To see the mechanisms together, here is the inherited pipeline observed through a small recording subclass, so its behaviour can be checked without sending anything:

typescript
class CapturingNotifier extends BaseNotifier {
    public delivered: string = "";

    protected deliver(text: string): void {
        this.delivered = text;
    }
}

test("a subclass inherits the send pipeline and supplies only delivery", () => {
    const channel = new CapturingNotifier();
    channel.send("disk full");
    expect(channel.delivered).to.equal("[ALERT] disk full");
});

CapturingNotifier writes no send(..) of its own, yet calling send(..) formats the message with the base's decorate(..) and then dispatches to the subclass's deliver(..). The [ALERT] prefix in the recorded text is the inherited pipeline at work, and the captured delivery is dynamic dispatch routing the final step to the actual type.

The contrast with RecordingNotifier from the previous chapter is deliberate. That test double implemented Notifier directly because the test needed only to confirm what was sent, with no inherited behaviour involved.
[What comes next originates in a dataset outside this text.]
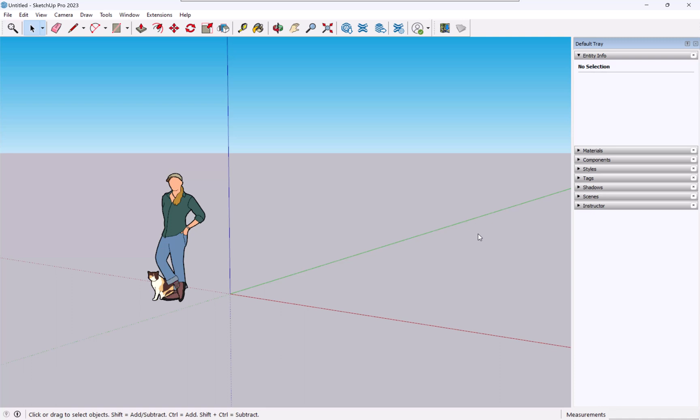Hey there, Dan Stein here. In this video I'm going to show you two ways to get preliminary topo into Revit. In this case we'll be using SketchUp 2023 and Revit 2024.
CapturingNotifier extends BaseNotifier because this test needs to exercise the inherited pipeline; extending the abstract class is the only way to confirm that the decorator prefix arrives in what deliver(..) receives.

Exercise: Quiz Scoring Schemes

As a quiz platform developer, I want to score quiz submissions under different rules, so that the platform can offer standard and competitive formats without duplicating the logic for recording answers and tallying totals.

Here is the abstract base and two concrete scoring schemes:

typescript
abstract class QuizScorer {
    private points: number = 0;
    private total: number = 0;

    /**
     * Records the result of one answer.
     * @param {boolean} correct whether the answer was correct
     */
    submit(correct: boolean): void {
        this.total = this.total + 1;
        if (correct) {
            this.points = this.points + this.correctPoints();
        } else {
            this.points = this.points + this.incorrectPoints();
        }
    }

    /** The accumulated score. */
    score(): number {
        return this.points;
    }

    /** The number of answers submitted so far. */
    count(): number {
        return this.total;
    }

    /** Points awarded for a correct answer. */
    protected abstract correctPoints(): number;

    /** Adjustment applied for an incorrect answer; typically zero or negative. */
    protected abstract incorrectPoints(): number;
}

Two scoring schemes extend QuizScorer:

  • StandardScorer: a simple pass-or-fail scheme; a correct answer scores 1 point and an incorrect answer scores 0.
  • NegativeMarkingScorer: a competitive scheme; a correct answer scores 1 point and an incorrect answer deducts 1, discouraging guessing.

Work through the following:

  1. Implementing the scorers. Each scorer overrides only correctPoints() and incorrectPoints(). Implement both classes. How many methods does each require, and which parts of QuizScorer does each inherit unchanged?
  2. Abstract vs concrete. submit is concrete while the two point methods are abstract. What would break if submit were abstract instead, and why is having it concrete beneficial?
  3. Adding a scorer. Write a WeightedScorer that awards 3 points per correct answer and 0 for incorrect ones. How many methods must you write, and how many existing lines must you change?
  4. Testing. Write tests for NegativeMarkingScorer covering three sequences: all correct, all incorrect, and one correct followed by one incorrect. Assert both score() and count() after each. What is the minimum number of sequences that exercises every branch in submit?